(Beginning of Data records)

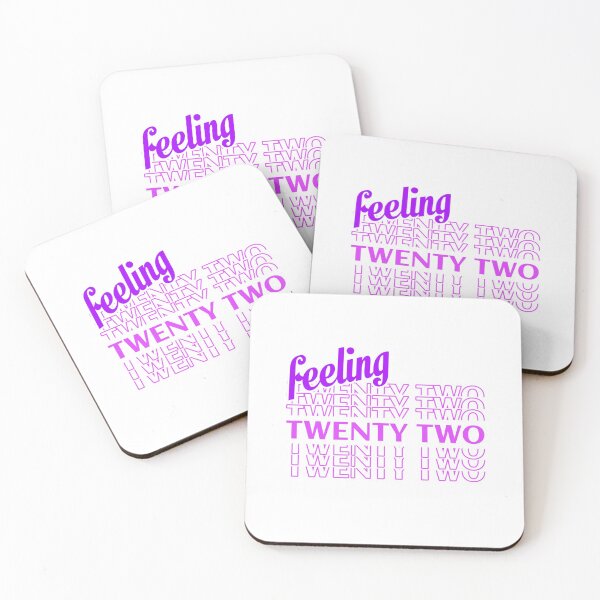 Item preview, Swiftie, feeling 22,twenty two designed and sold by efenem.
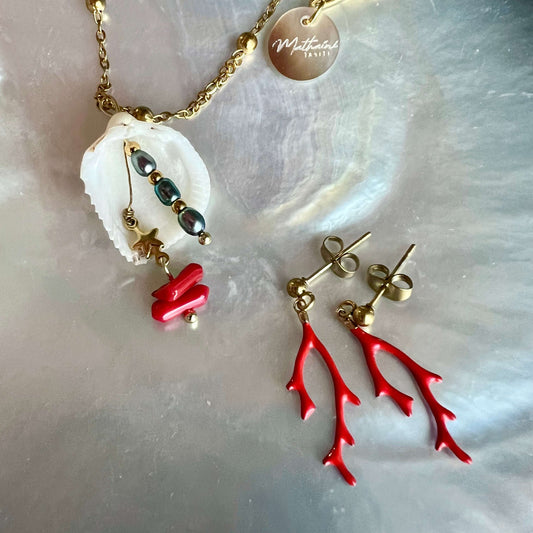 COLLIER MAHOI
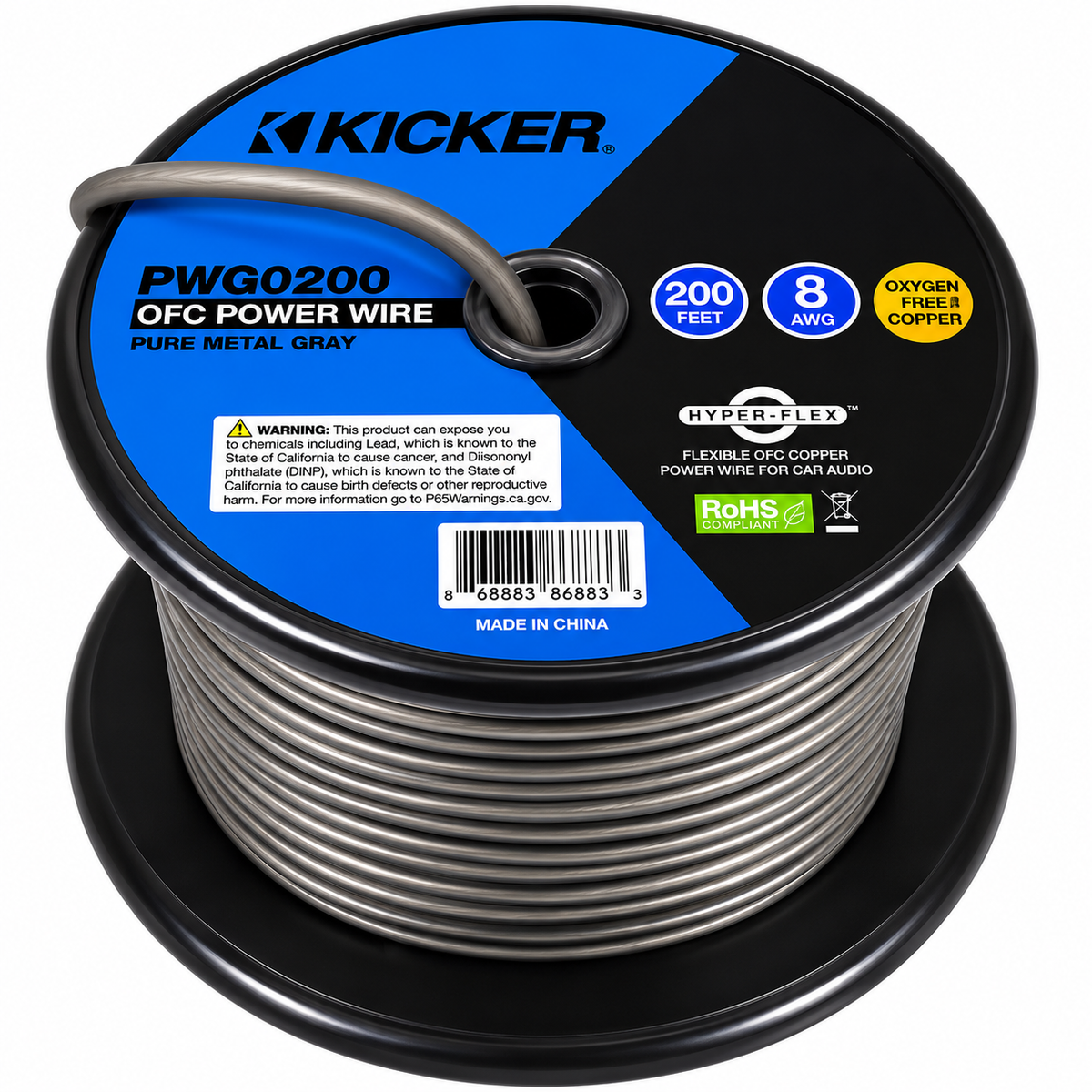 Kicker Power Wire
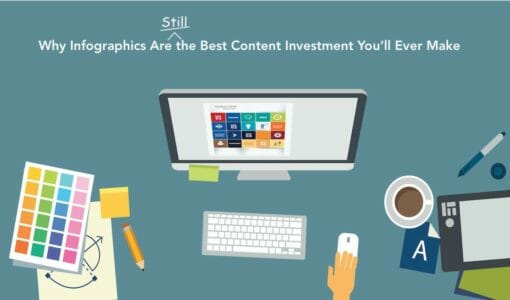 Why Infographics Are STILL the Best Content Investment You’ll Ever Make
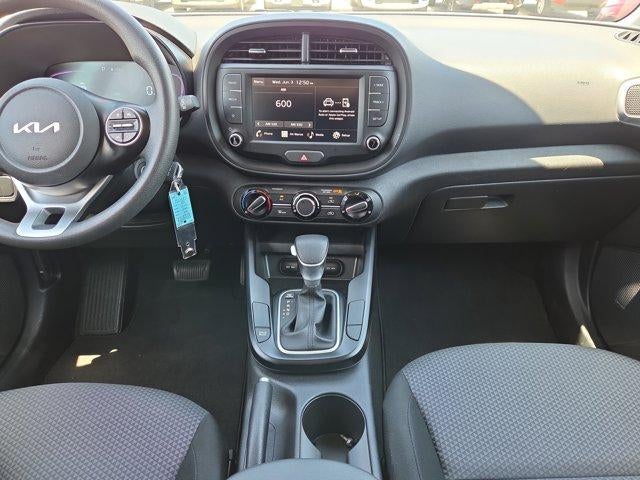 2025 Kia Soul LX FWD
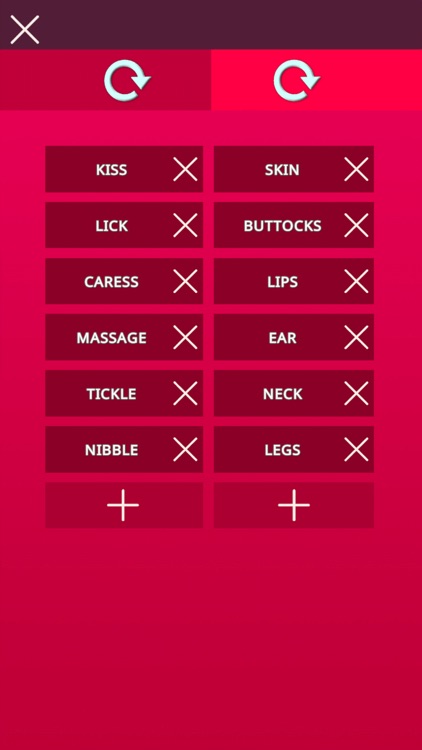 Sex Dices: games for couples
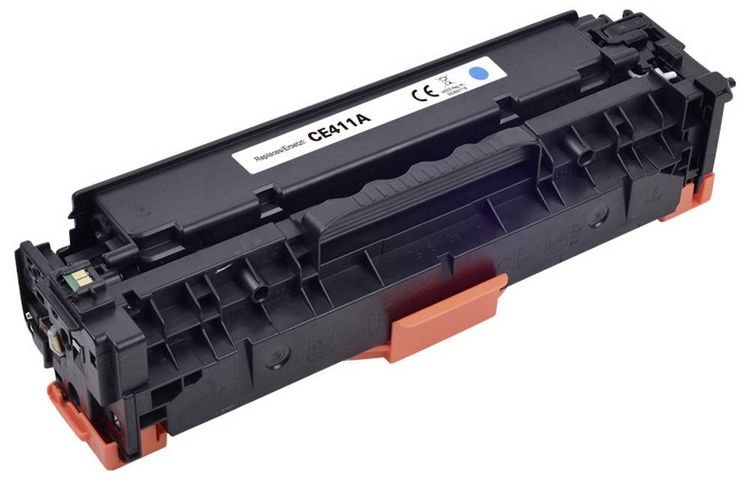 Produktbild: Renkforce Toner ersetzt HP 305A, CE411A Kompatibel Cyan 2600 Seiten RF-Toner-HP305AC RF-6922892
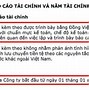 Báo Cáo Tài Chính Sab 2021 Là Gì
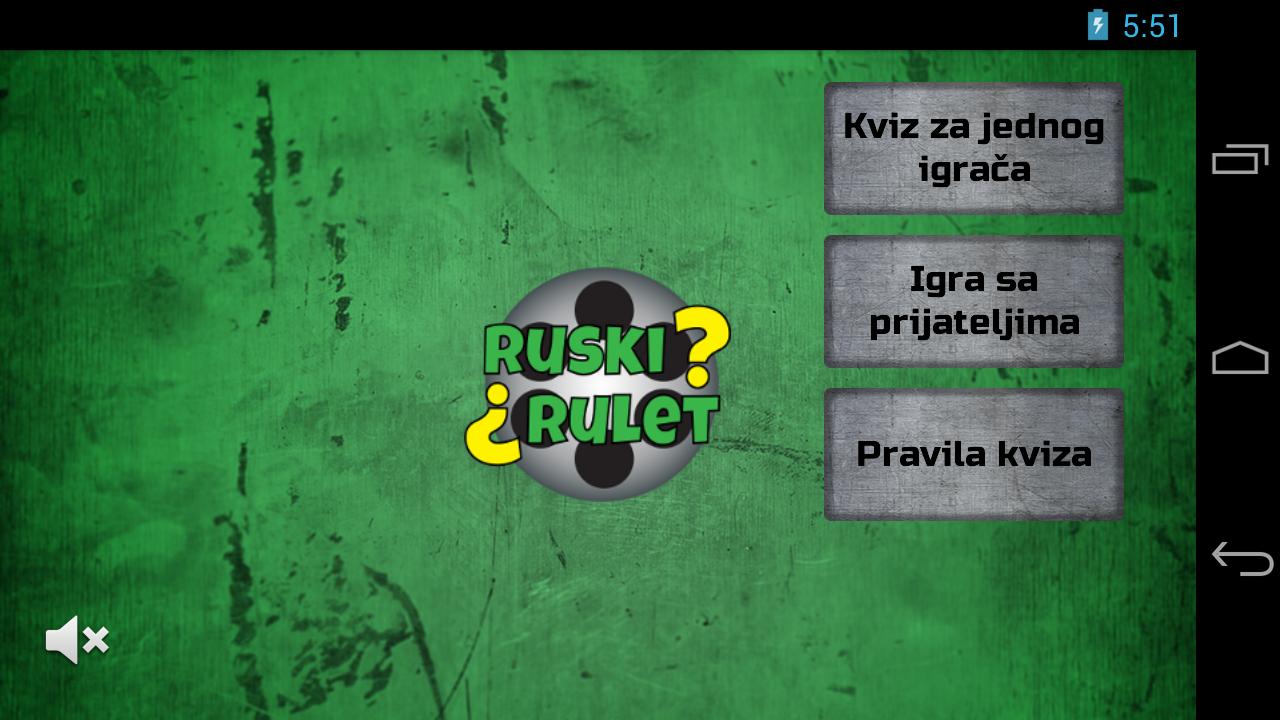 Kviz Ruski Rulet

(End of Data records)

-- To do --
From the first line to the last, set down the data exactly, without the pictures.

-- Written response --
 Item preview, Swiftie, feeling 22,twenty two designed and sold by efenem.
 COLLIER MAHOI
 Kicker Power Wire
 Why Infographics Are STILL the Best Content Investment You’ll Ever Make
 2025 Kia Soul LX FWD
 Sex Dices: games for couples
 Produktbild: Renkforce Toner ersetzt HP 305A, CE411A Kompatibel Cyan 2600 Seiten RF-Toner-HP305AC RF-6922892
 Báo Cáo Tài Chính Sab 2021 Là Gì
 Kviz Ruski Rulet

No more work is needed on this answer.